If your parent dies when they have no money or assets left, you may find yourself in a difficult position. If you’re in charge of managing the estate, you may begin receiving letters from creditors or calls from those trying to collect debts.
One of the issues with a parent who dies with debt and no assets to repay it is that the creditors may try to make you feel like you’re responsible for those debts. The thing to remember is that you, as a family member, usually cannot be forced to repay those debts out of your own pocket.
Debts don’t disappear when someone dies, but the way they’re handled will vary. If the estate doesn’t have enough assets to pay the bills, those bills may simply not get paid. If your parent’s spouse is still alive, they may have some responsibility for some debts, but children and other relatives rarely do unless they’ve co-signed on the debts themselves.
Will you lose assets that passed directly to you?

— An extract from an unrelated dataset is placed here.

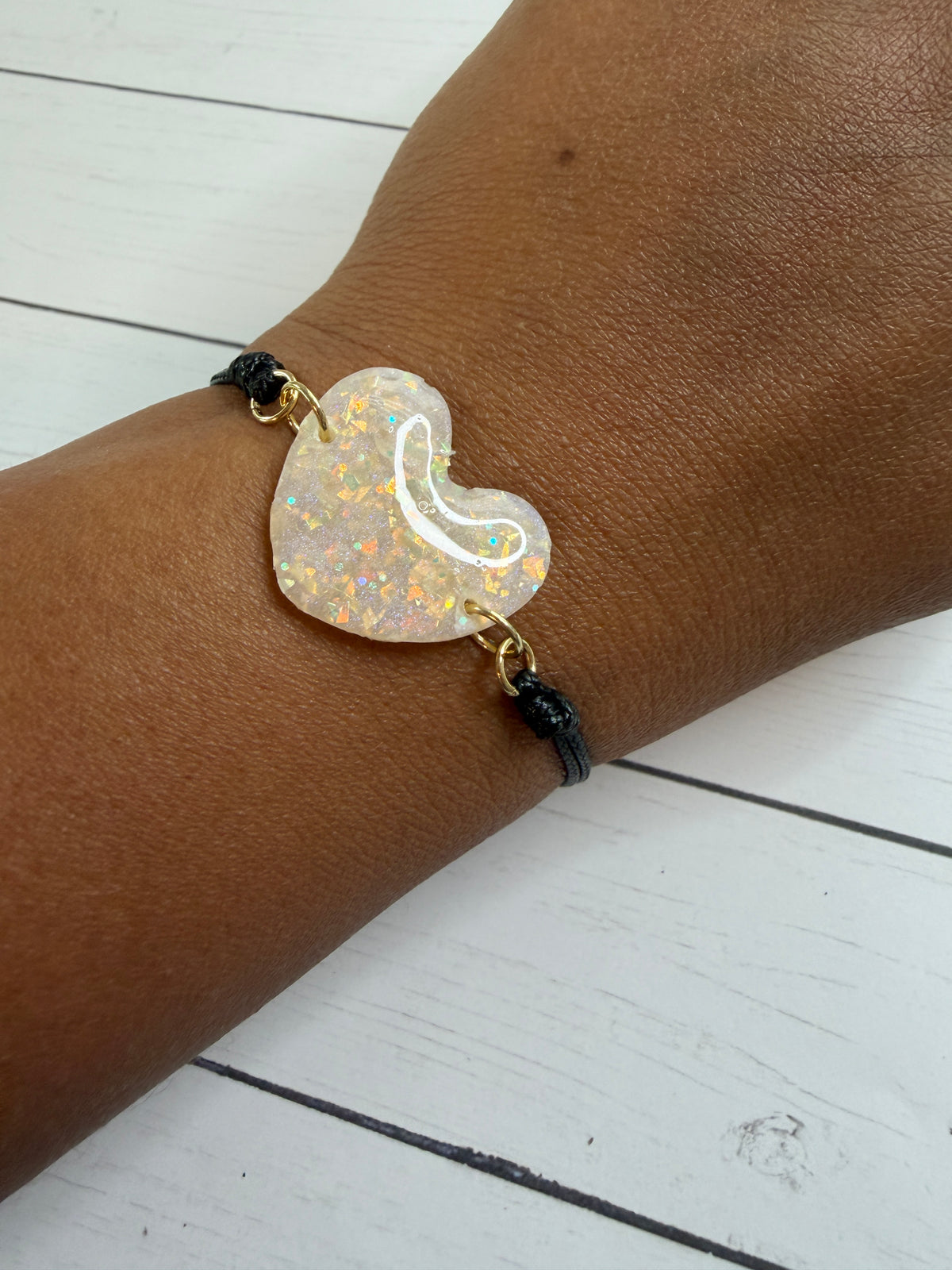 Adjustable Charm Bracelets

The nice thing about having certain assets paid directly to you is that you likely will not need to use those assets to repay creditors coming after the estate. For example, if your parent died without anything in the bank but had a life insurance policy that paid directly to you as the beneficiary, then the likelihood is that the money you’ve received won’t be accessible by creditors. Instead, you can keep that to handle anything that needs to be paid, like the funeral costs or your own personal bills, rather than paying down debts that don’t have anything to do with you, personally.
How should you address it when creditors call?
When a debt is left after an estate is out of funds, the debt normally goes unpaid. You will need to let the creditor know that your loved one has died. Usually, this includes submitting the death certificate and informing the creditor that your family member has died. If they continue to press for compensation despite you not owning on the debt, you may want to look into your legal options.